What led to the creation of CIC?
Changes in the market require new thinking. We recognized this internally but also were told by the very top institutional producers at Smith Barney that we needed to make additional investments and rethink our approach in order to allow them to compete properly.
Who are these top-end advisers that will be invited to join CIC?
These are real veterans, some of them going back to EF Hutton days, starting as traditional brokers but increasingly evolving into fee-based advisers. They are leaders in the managed accounts world, the alternatives world, the very top-end producers in the entire Smith Barney group. Their clients (especially in the foundation and endowment world) are very sophisticated. We have to be able to deliver to these clients the very best that Citigroup has to offer.
How many consultants will you support at CIC?

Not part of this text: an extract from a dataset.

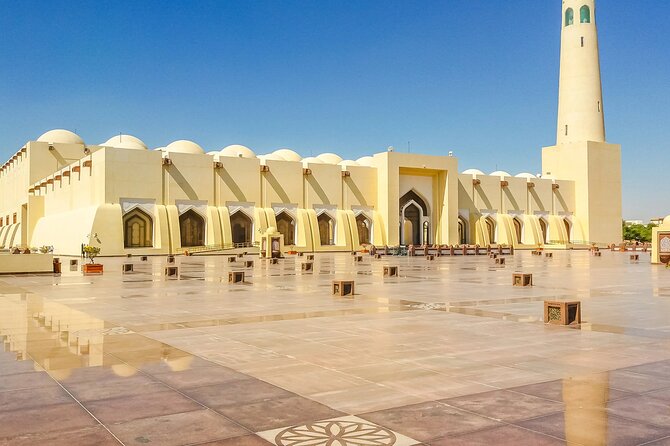 Experience Doha City Tour With Local Guide and Dhow Ride - Exploring Dohas Iconic Landmarks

As of now, we have 27 teams, with about 70 consultants in total. They’re spread across 25 offices in the US. Our challenge is to make sure that every one of those 27 teams wins its next RFP, and the one after that. That means giving them the best research, the best technical and operational capabilities, and substantial marketing and communication collateral and support.

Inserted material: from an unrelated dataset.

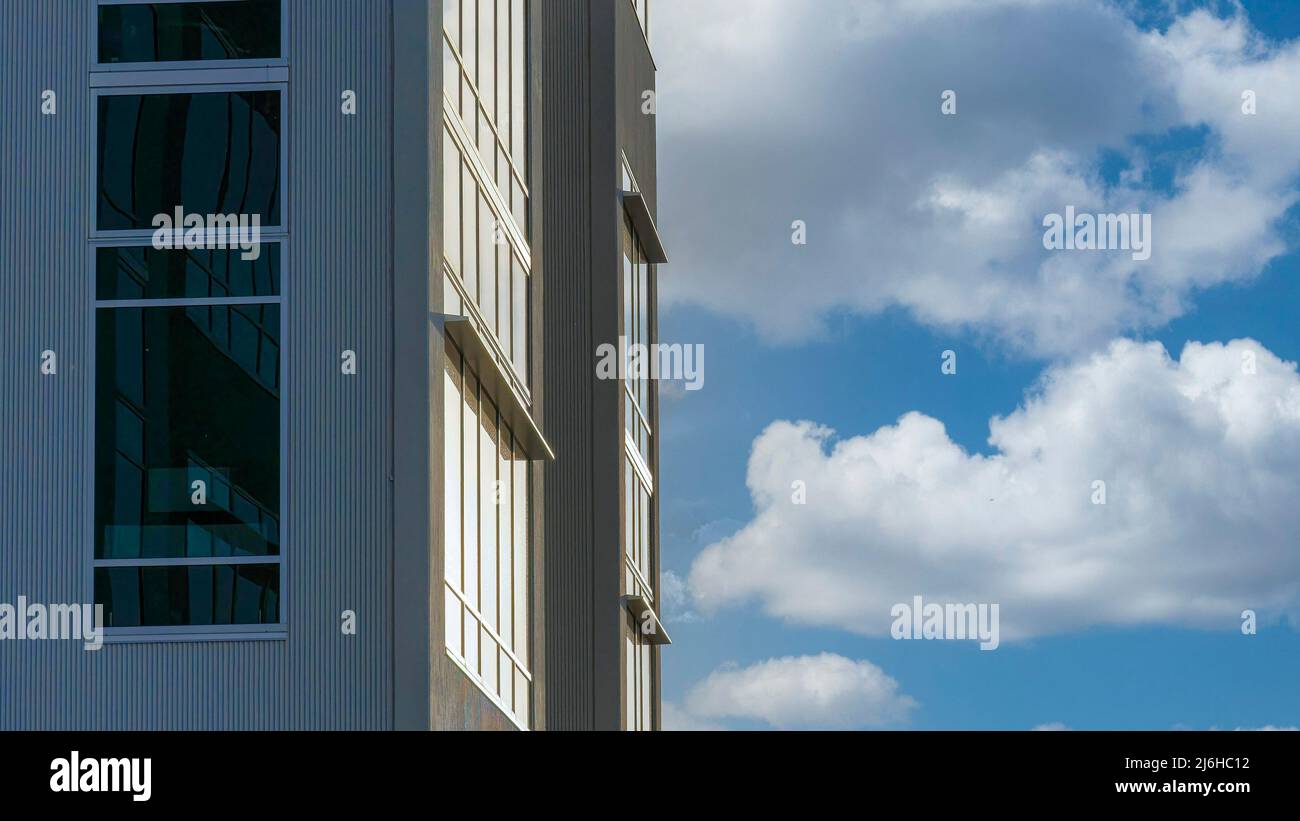 Panorama Nubi bianche soffy Tramonto che si riflette sulle pareti di vetro dell'edificio Foto Stock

Will they be compensated differently?
Not in the short term.
Will you recruit from outside Smith Barney?
Yes, as soon as we’re totally confident that we have this first iteration hitting on all cylinders within Citigroup. This is going to cost money. The new Citigroup is famously tight in that regard. I am budgeting now and, at this point, haven’t been denied anything. The institution understands the importance of this effort.
How about letting CIC members act as fiduciaries?
We’ll look at this on a case-by-case basis. Where it makes sense, we’ll do it.
The world is moving remorselessly toward DC solutions: Aren’t you missing the boat here?
When we analyzed the business of our senior institutional consultants, [we saw that] their clients run the gamut of foundations, endowments, Taft-Hartley funds, with both DC and DB plans. We believe that, to serve these clients, you need wider expertise than just DC. We’re creating investment policy statements, asset allocation advice, manager selection and monitoring, and performance measurement—much of which is applicable to the DC world. Our sweet spot is the mid-size institution—that’s our bet.
What’s a nice Melbourne boy doing running CIC?
The answer is simple. My wife, Wendy, wanted to move to New York, and I did as I was told. There is no doubt as to who makes the big decisions in our household.